◆ **BRIEF**: Only the lines below starting at the one containing "imageFSJ Women Novelty" and ending at the one containing "((best quality)), ((masterpiece)), (detailed), elf" belong in the answer, each copied exactly.

________________________

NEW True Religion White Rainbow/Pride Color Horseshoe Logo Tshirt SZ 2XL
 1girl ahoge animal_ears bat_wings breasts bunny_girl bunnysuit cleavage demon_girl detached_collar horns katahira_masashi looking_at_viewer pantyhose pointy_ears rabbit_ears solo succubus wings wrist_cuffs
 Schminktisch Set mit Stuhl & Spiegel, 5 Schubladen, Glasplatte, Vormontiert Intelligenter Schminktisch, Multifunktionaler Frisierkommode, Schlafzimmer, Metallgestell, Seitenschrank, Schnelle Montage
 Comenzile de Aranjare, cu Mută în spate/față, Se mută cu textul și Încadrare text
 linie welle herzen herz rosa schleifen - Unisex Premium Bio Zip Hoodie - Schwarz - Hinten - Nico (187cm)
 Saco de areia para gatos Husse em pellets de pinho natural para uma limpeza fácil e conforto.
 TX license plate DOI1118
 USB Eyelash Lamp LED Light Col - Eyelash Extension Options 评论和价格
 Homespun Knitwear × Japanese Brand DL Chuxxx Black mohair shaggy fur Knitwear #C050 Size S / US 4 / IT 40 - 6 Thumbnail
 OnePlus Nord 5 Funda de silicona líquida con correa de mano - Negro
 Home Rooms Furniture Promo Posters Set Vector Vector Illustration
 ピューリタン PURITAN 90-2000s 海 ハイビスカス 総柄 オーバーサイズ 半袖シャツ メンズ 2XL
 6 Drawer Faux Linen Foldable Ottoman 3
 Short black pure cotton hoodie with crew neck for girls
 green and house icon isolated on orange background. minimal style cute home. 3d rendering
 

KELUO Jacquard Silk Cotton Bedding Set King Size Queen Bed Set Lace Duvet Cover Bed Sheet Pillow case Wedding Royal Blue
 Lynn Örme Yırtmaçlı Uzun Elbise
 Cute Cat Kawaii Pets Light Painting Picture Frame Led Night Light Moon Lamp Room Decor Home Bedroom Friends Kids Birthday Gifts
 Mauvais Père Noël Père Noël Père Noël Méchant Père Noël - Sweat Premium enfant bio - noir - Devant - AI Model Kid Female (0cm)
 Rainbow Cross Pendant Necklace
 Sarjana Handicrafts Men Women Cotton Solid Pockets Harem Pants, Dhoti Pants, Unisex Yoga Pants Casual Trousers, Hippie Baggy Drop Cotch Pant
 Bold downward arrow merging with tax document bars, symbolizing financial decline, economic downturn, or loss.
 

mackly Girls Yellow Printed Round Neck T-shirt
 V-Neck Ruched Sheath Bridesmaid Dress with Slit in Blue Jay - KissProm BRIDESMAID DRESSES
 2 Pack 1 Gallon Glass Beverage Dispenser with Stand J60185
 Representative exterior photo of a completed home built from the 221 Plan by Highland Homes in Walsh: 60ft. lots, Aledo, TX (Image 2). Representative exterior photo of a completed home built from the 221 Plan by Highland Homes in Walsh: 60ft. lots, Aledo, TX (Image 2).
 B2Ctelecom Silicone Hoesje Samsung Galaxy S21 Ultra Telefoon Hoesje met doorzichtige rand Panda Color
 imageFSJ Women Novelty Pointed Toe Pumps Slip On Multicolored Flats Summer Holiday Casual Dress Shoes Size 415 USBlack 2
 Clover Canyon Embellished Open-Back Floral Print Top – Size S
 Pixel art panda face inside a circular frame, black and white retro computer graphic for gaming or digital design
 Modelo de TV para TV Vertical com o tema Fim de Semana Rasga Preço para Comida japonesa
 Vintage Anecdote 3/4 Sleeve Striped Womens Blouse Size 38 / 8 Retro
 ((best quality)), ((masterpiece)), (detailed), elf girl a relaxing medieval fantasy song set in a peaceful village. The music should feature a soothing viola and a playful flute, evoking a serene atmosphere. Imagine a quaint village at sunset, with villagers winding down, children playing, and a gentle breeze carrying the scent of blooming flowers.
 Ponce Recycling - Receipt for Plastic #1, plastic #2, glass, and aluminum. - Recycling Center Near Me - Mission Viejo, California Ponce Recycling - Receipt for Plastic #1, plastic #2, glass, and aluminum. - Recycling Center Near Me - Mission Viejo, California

________________________

◆ **RESPONSE**:
 imageFSJ Women Novelty Pointed Toe Pumps Slip On Multicolored Flats Summer Holiday Casual Dress Shoes Size 415 USBlack 2
 Clover Canyon Embellished Open-Back Floral Print Top – Size S
 Pixel art panda face inside a circular frame, black and white retro computer graphic for gaming or digital design
 Modelo de TV para TV Vertical com o tema Fim de Semana Rasga Preço para Comida japonesa
 Vintage Anecdote 3/4 Sleeve Striped Womens Blouse Size 38 / 8 Retro
 ((best quality)), ((masterpiece)), (detailed), elf girl a relaxing medieval fantasy song set in a peaceful village. The music should feature a soothing viola and a playful flute, evoking a serene atmosphere. Imagine a quaint village at sunset, with villagers winding down, children playing, and a gentle breeze carrying the scent of blooming flowers.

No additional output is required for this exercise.